The United States Patent and Trademark Office (USPTO) published a patent application from Apple Inc. (NASDAQ:AAPL) relating to a method of modifying a mobile device’s security levels depending on its location. This application was one of thirty relating to Apple products and processes that the USPTO published as part of its usual Thursday information release.

The application, #20140187200, bears the long but highly descriptive title “Location-Sensitive Security Levels and Setting Profiles Based on Detected Location.” The process involves a certain amount of GPS or geofencing detection to determine if the device is at the user’s home, workplace, on the street, at an airport, and so on, and automatically adjusts the strength of security to match the likely risks of a given locale.

GPSThe goal of the method, which applies to iPhones, iPads, iPods, and other “mobile devices” (possibly including the iWatch), is to reduce the number of times a user needs to carry out authentication while they are in a “safe” location such as their home. The technique would also make it possible to define certain locations as “high risk” zones, in which the “Location-Sensitive Security Levels” would adjust upward to require more authentication procedures than everyday locations such as the office or the local park.

The mobile device, according to the application, can be set up to detect location using a range of parameters, including GPS data, Bluetooth signals (likely an oblique reference to the iBeacon system), cellular network signal strength and direction, proximity of other user-owned devices (such as a Mac home computer), and so on.

GPS location

The technique would be sensitive enough to distinguish between different parts of a single large location, such as between the parking lot outside the office building where the user works, and the user’s cubicle inside. The patent application notes that the method would require a dedicated hardware component and specialized software also.
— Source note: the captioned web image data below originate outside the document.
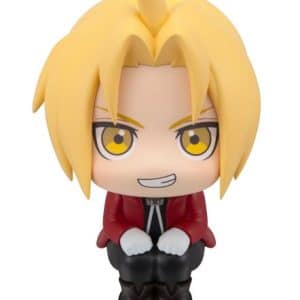 Figura Lookup Edward Elric & Roy Mustang Set Fullmetal Alchemist (With Gift) - Megahouse 11cm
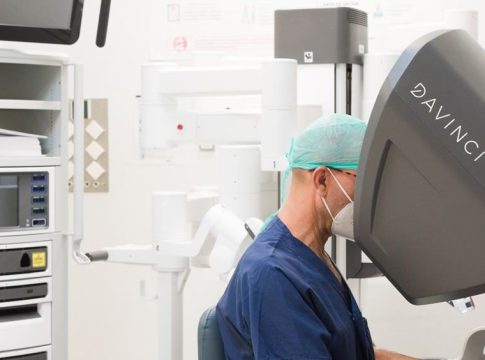 robot quirúrgico Da Vinci del Hospital Universitario Ruber Juan Bravo robot quirúrgico Da Vinci del Hospital Universitario Ruber Juan Bravo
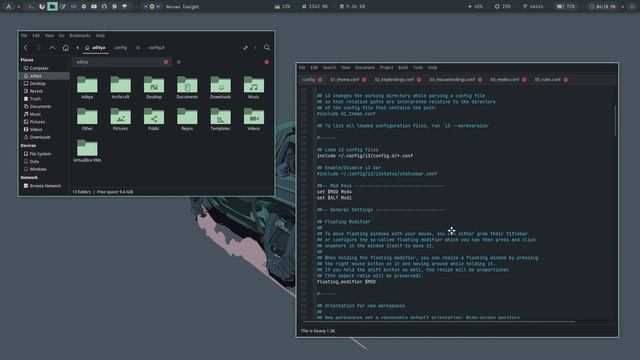 i3wm Premium | Archcraft 2023 | Premium WM смотреть онлайн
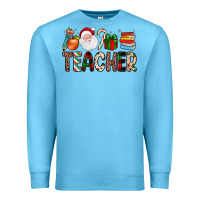 Ocean Blue teacher christmas Premium Sweatshirt - JahusDesignShop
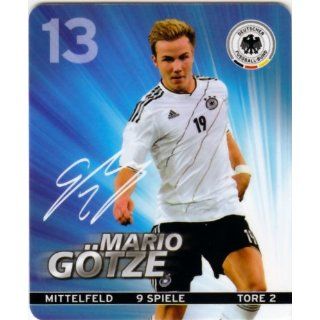 REWE DFB 2012 Sammelkarte   Nr. 13 Mario Götze   NEU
The application was originally filed on December 31st, 2012, with Apple Inc. (AAPL) as the assignee. The idea has four inventors of record, all of them from California: Alexander Reitter, David Amm, Julian Missig, and Raymond Walsh. This quartet of inventors has filed numerous patent applications on behalf of Apple in the past, either singly or with various combinations of other people. Their collaboration on the recently unveiled application indicates the complexities involved in creating a method that may appear in all future mobile devices made by Apple, Inc.